Однако обозначенные выше эстетические установки зрелого модернизма очевидным образом преобразовали художественное выражение общемодернистских эсхатологических чаяний в произведениях конца 1910-х – начала 1920‑х годов. Превалирование эстетических задач над общетеоретическими и имманентное видение действительности способствовали более выявленной экспериментальной доминанте художественных произведений, с одной стороны, и с другой – тому, что В. Полонский назвал «экзистенциализацией сакрального, его одомашниванием» [Полонский 2018: 15]. Исследователь здесь не зря пользуется определением, отсылающим к эстетической программой Мандельштама этого времени (см. [Мандельштам 2009–2011, 2: 75, 84]).

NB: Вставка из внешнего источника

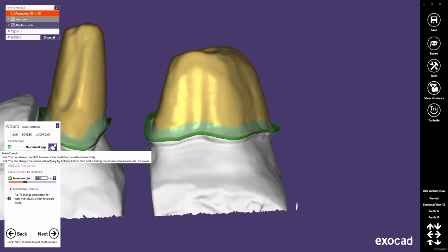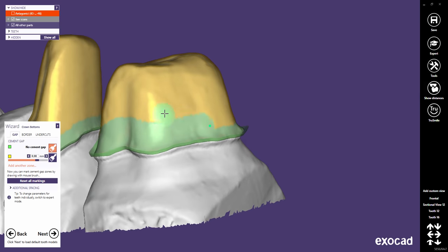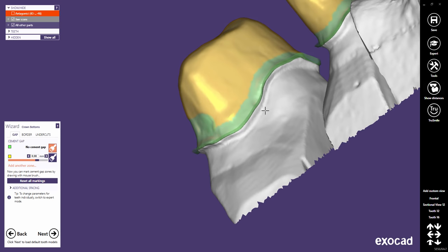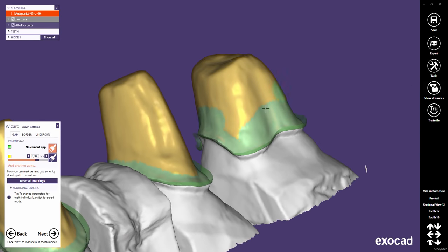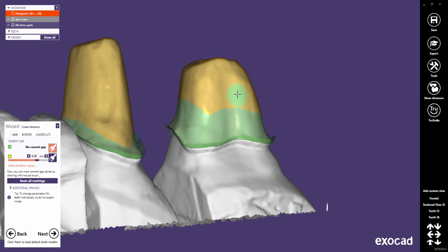Furthermore, both zones can be defined with a brush. Click on the Brush button for the zone you want to adjust. Let's try it with the No Cement Gap Zone. With Shift and the Mouse Wheel, you can change the brush size. Extending the green zone without cement gap in the margin area will certainly increase friction.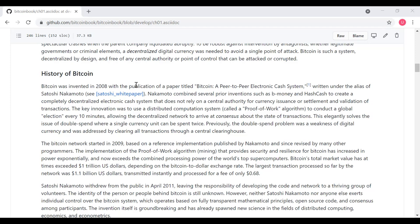Bitcoin's total market value has, at times, exceeded trillions of dollars, depending on the Bitcoin-to-dollar exchange rate. The largest transaction processed so far by the network was a billion dollars, and at the time that was processed, it was processed for a fee of only 68 cents. Note, this book was written in 2017, so there may well have been some transactions since then, and certainly Bitcoin fees are quite a bit more than 60 cents today.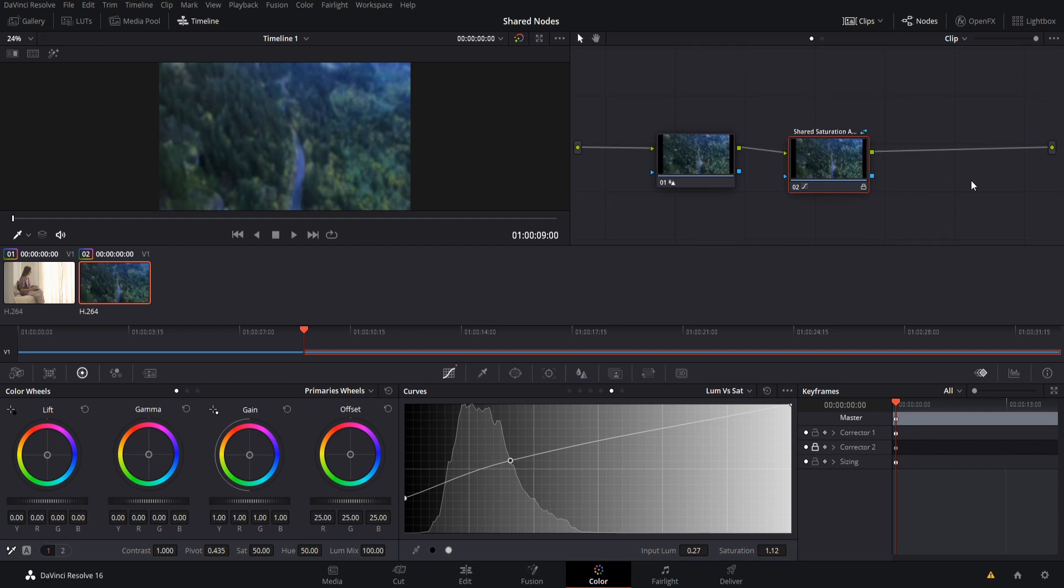So that's going to be it for this quick video about shared nodes in DaVinci Resolve 16. I hope you guys learned something useful. I've been Chris. Thanks for watching, and I'll see you guys in my future video content.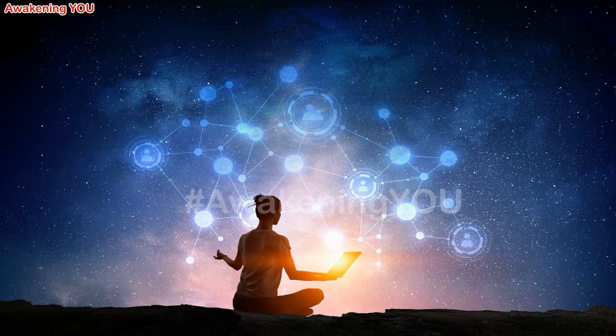We implore you, do not worship us or see us above you. We are all facets of the Creator, just as you are. We wish you to see us as your brothers and sisters on the path, serving our Father or Mother God, just as you are.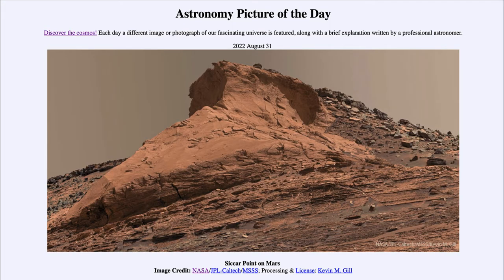Greetings, and welcome to the introduction to astronomy. One of the things that I like to do in each of my introductory astronomy classes is to begin the class with the astronomy picture of the day from the NASA website, that is apod.nasa.gov/apod. And today's picture for August 31st of 2022.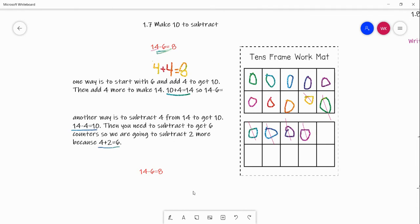Let me go over that strategy one more time. We start by subtracting 4 from 14 to get 10 — you take the bigger number and make 10 from it. For example, if you had 15, you would subtract 5 to get 10. So first subtract 4 from 14 to get 10. Then we need to get 6 counters crossed off total. We have 4 crossed off — 4 plus 2 equals 6, so cross off 2 more. Now we have 6 crossed off and 8 left over. That's our answer: 14 minus 6 equals 8.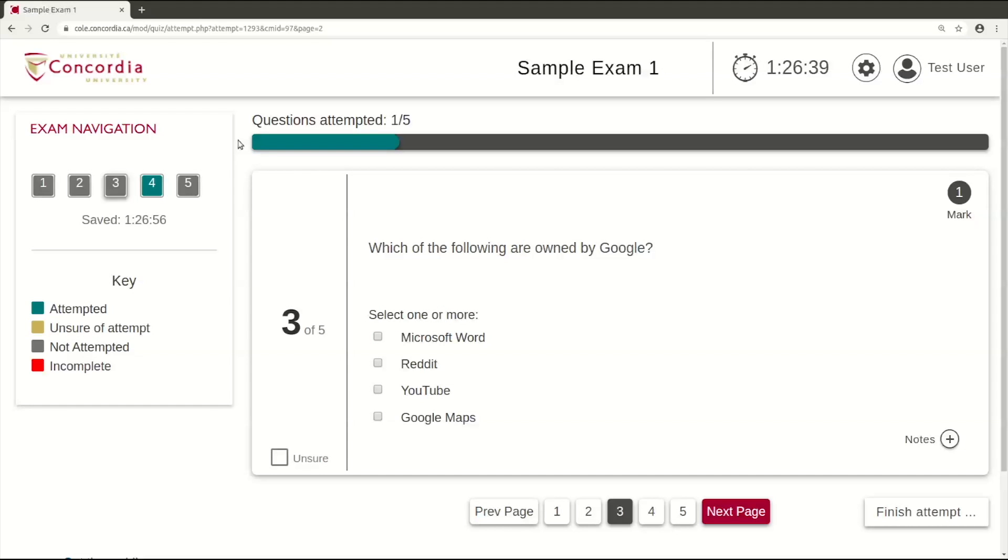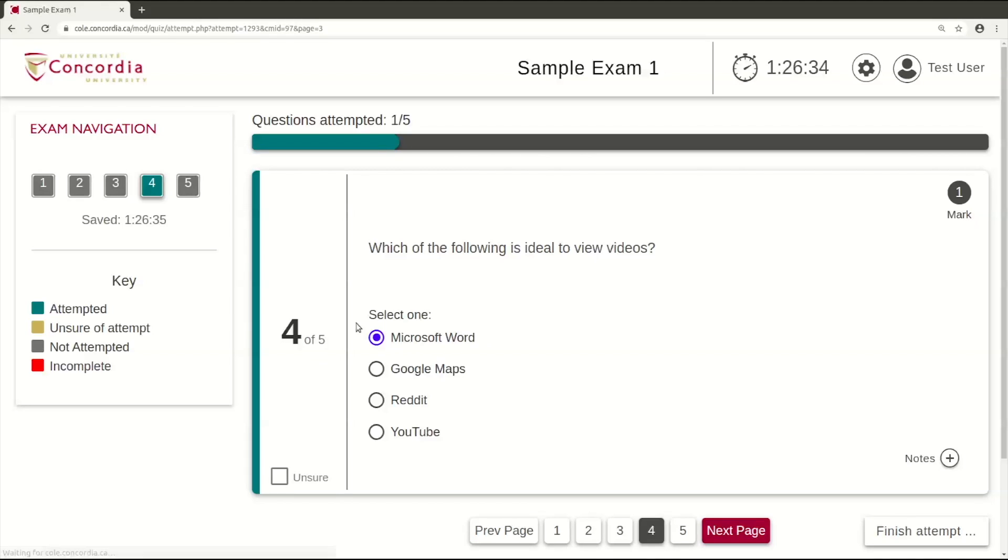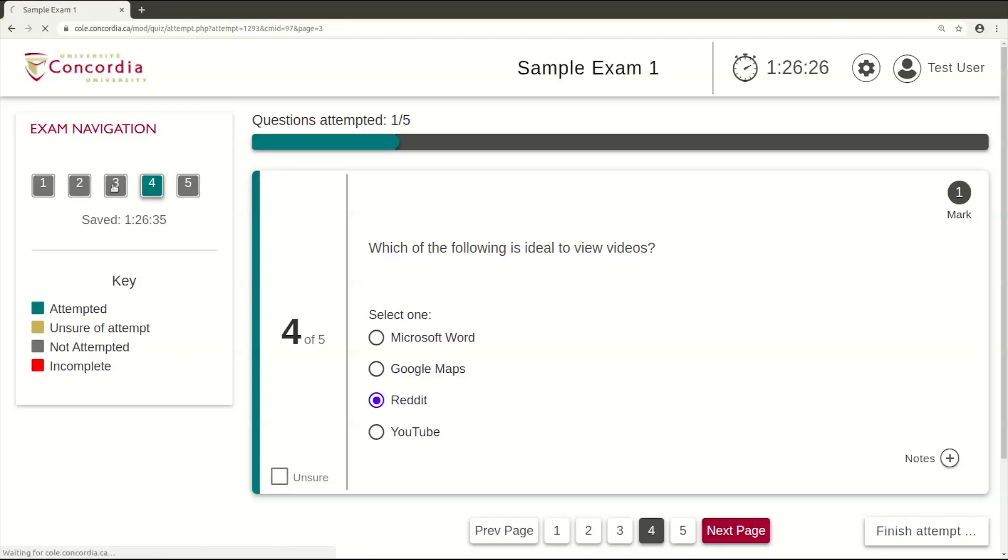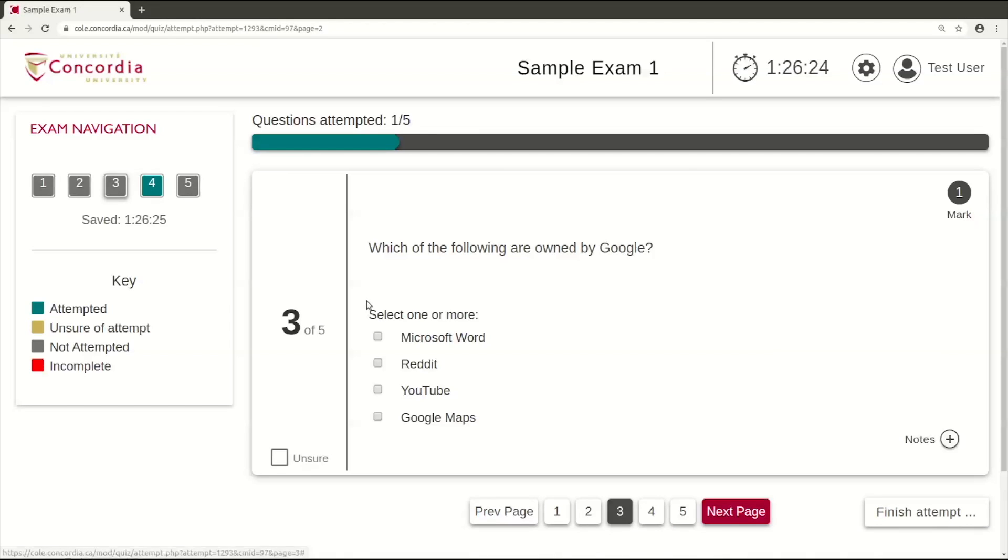Cole multiple-choice questions are similar to the paper versions that you're used to. Typically, only one option is correct. However, depending on the question, you may be able to select more than one answer. Read the questions carefully and select the appropriate choice.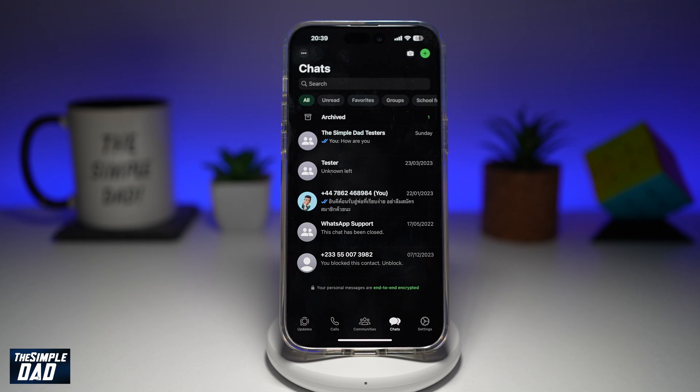Welcome back everyone. In this video, I'll show you how to unhide the chats that are hidden on WhatsApp. So if you've hidden a chat on WhatsApp and you want to bring it back or you want to see it, then let me show you how to do this.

Именно это опредмечивание сакрального, конкретизированное в домашней «утвари», его имманентизация и историзация представляются характерным отличием эстетического эсхатологизма зрелого модернизма от размытых «предчувствий» и «зорь» раннего модернизма. Это особенно заметно на примере произведений авторов, в чьем творчестве отразились доминирующие эстетико-идеологические черты двух этапов модернизма. Например, эсхатологические чаяния молодого Блока в «Стихах о Прекрасной Даме» находили выражение в отвлеченной пантеистической и мистической образности, наследующей романтической эстетике и романтическому противопоставлению реальности и идеала. Ожидаемый эсхатон в поэме «Двенадцать» и других произведениях этого периода мыслился самообнаружением стихийно-хаотических первооснов бытия, их возмездием цивилизации и обновлением связи человека и мира с сущностными энергиями бытия («стихией») (см. [Минц 1983: 544], [Беренштейн 1998: 81]). В сочетании с установкой зрелого модернизма на творческий эксперимент этот идеологический план вел к принципиальному обновлению художественных средств и плана выражения.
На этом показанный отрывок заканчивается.